## RECORDS TO USE
_ _ _

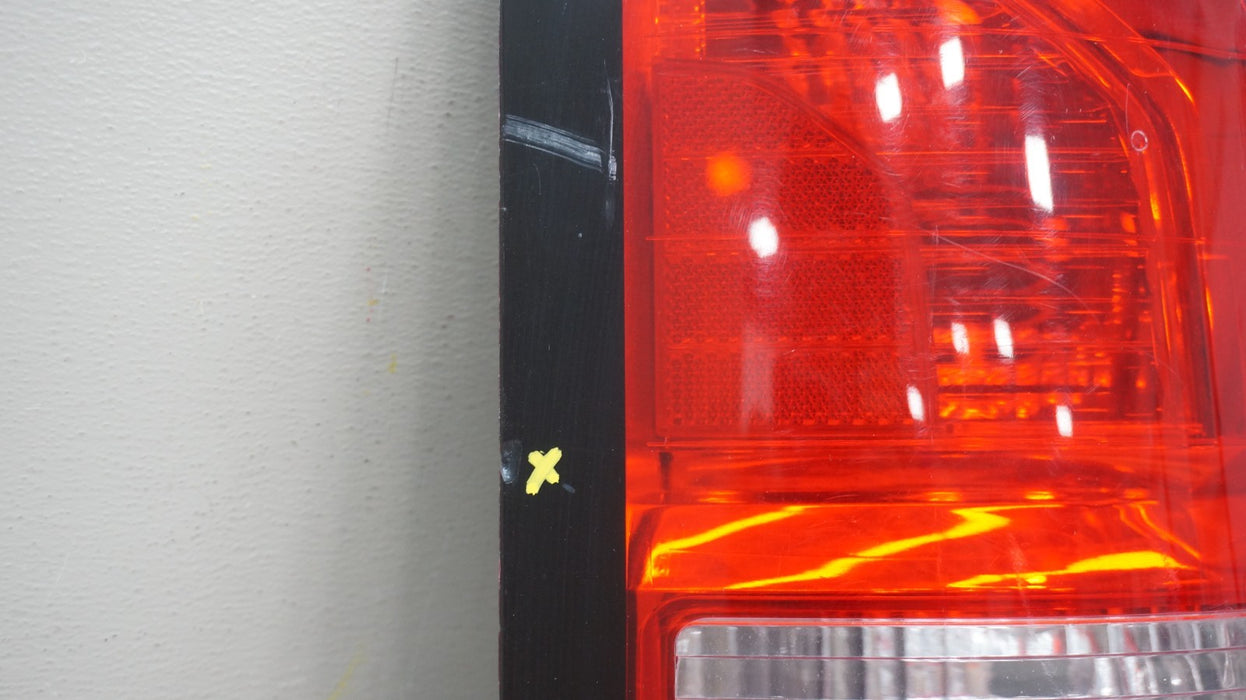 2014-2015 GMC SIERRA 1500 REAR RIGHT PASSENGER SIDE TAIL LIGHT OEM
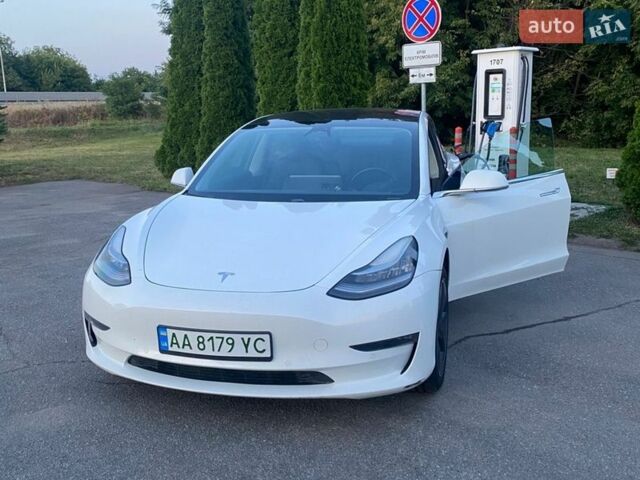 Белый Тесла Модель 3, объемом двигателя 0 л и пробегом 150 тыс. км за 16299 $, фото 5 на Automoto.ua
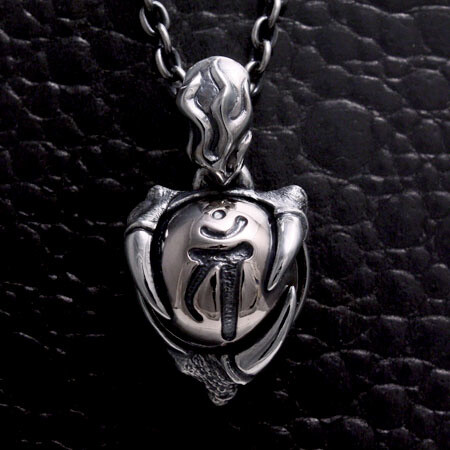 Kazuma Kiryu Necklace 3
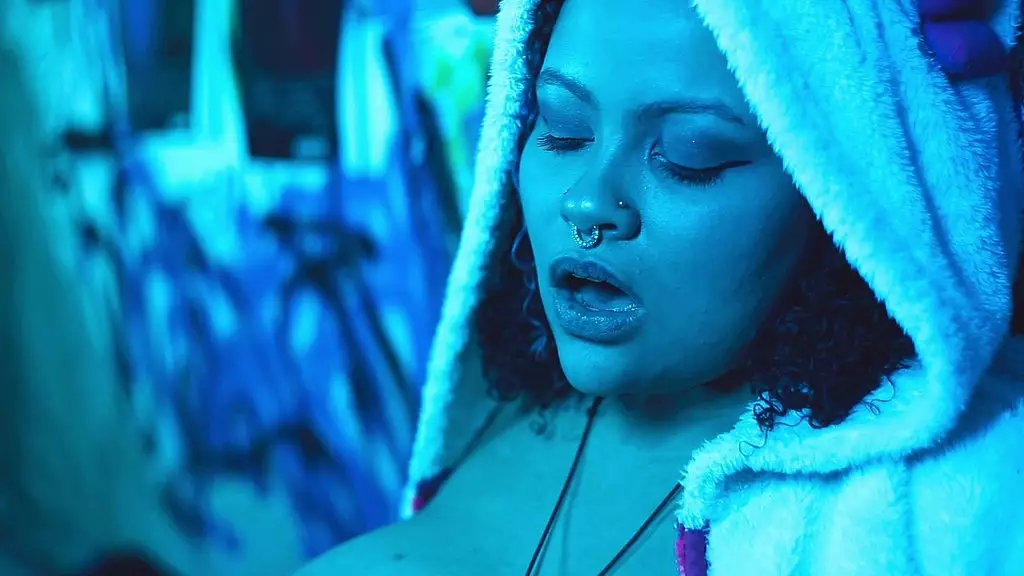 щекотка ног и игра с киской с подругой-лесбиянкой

_ _ _

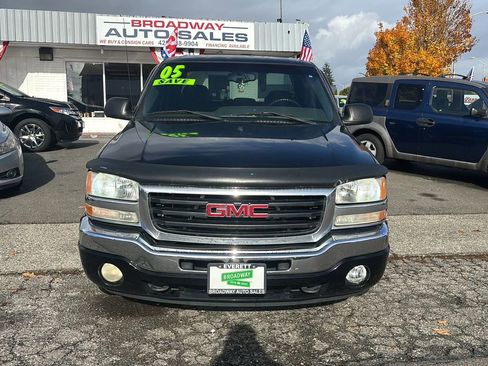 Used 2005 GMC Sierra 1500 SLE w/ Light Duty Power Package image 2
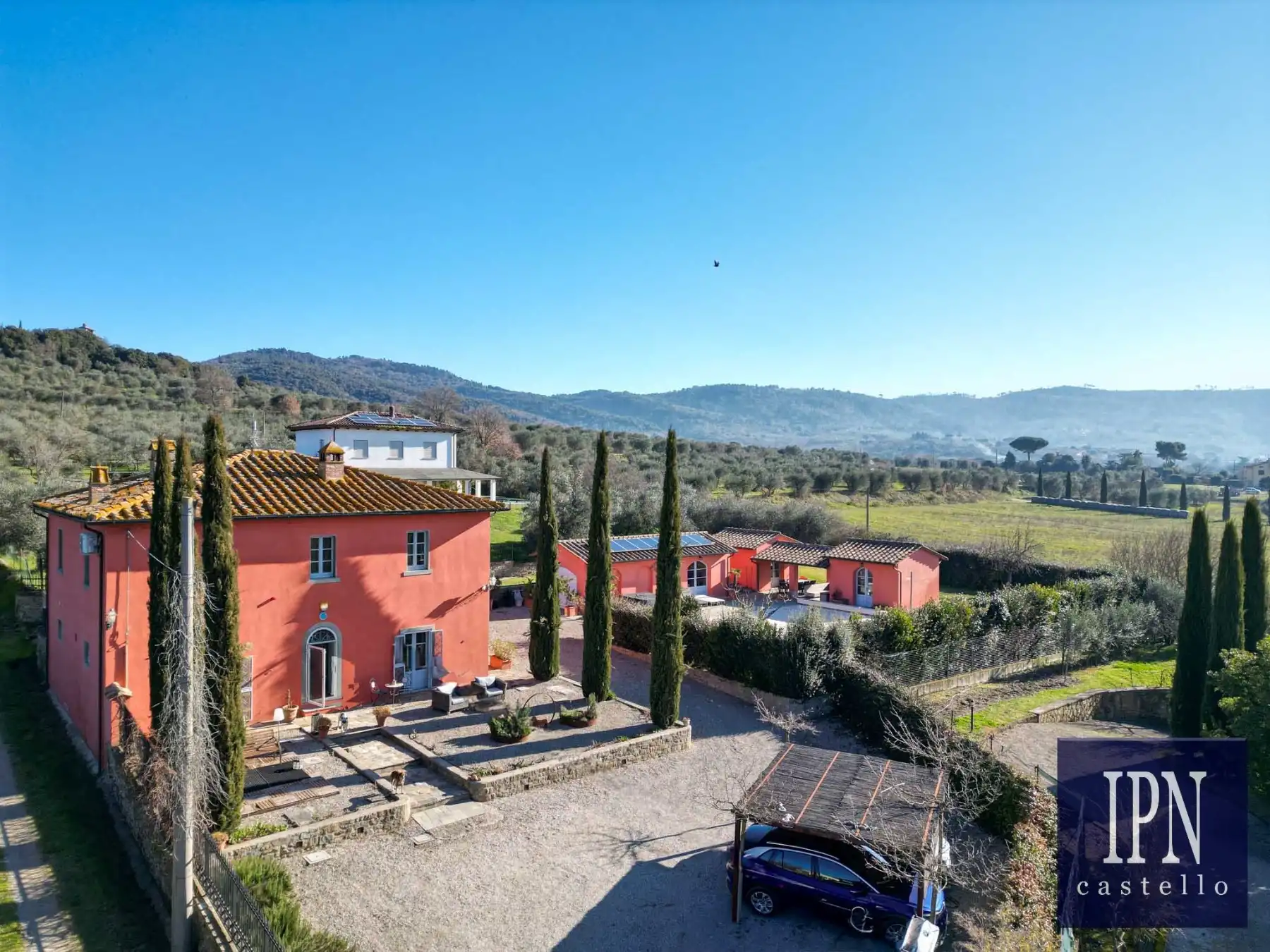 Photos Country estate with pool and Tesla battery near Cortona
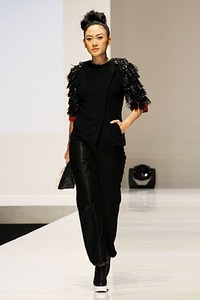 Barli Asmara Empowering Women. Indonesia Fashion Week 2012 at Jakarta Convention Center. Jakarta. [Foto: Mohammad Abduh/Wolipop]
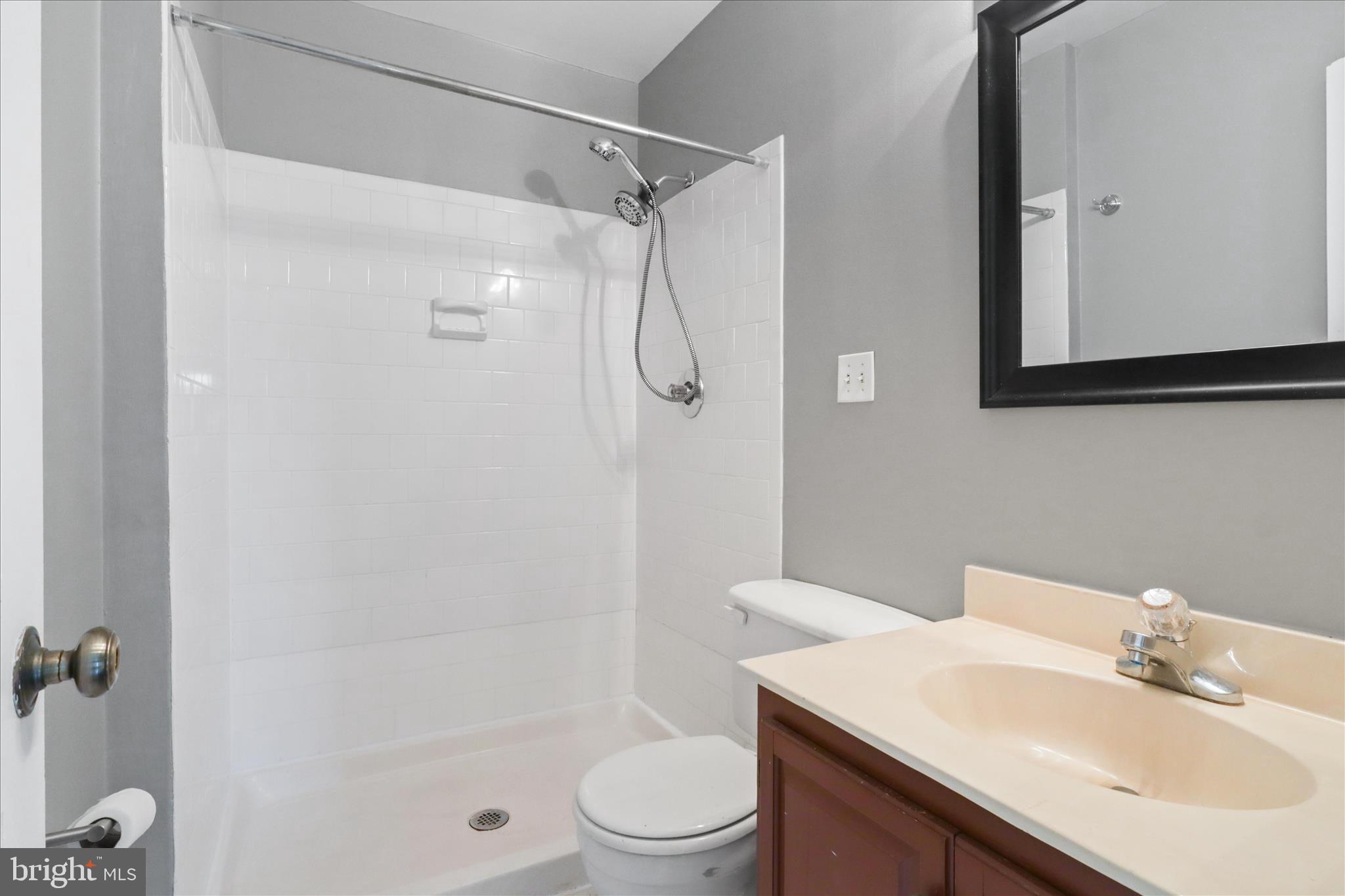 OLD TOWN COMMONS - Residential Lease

_ _ _

Look above for the line with "2014-2015 GMC SIERRA", then print it and each line after it down to and including the line with "щекотка ног и". Leave out the pictures and keep the wording exact.

 2014-2015 GMC SIERRA 1500 REAR RIGHT PASSENGER SIDE TAIL LIGHT OEM
 Белый Тесла Модель 3, объемом двигателя 0 л и пробегом 150 тыс. км за 16299 $, фото 5 на Automoto.ua
 Kazuma Kiryu Necklace 3
 щекотка ног и игра с киской с подругой-лесбиянкой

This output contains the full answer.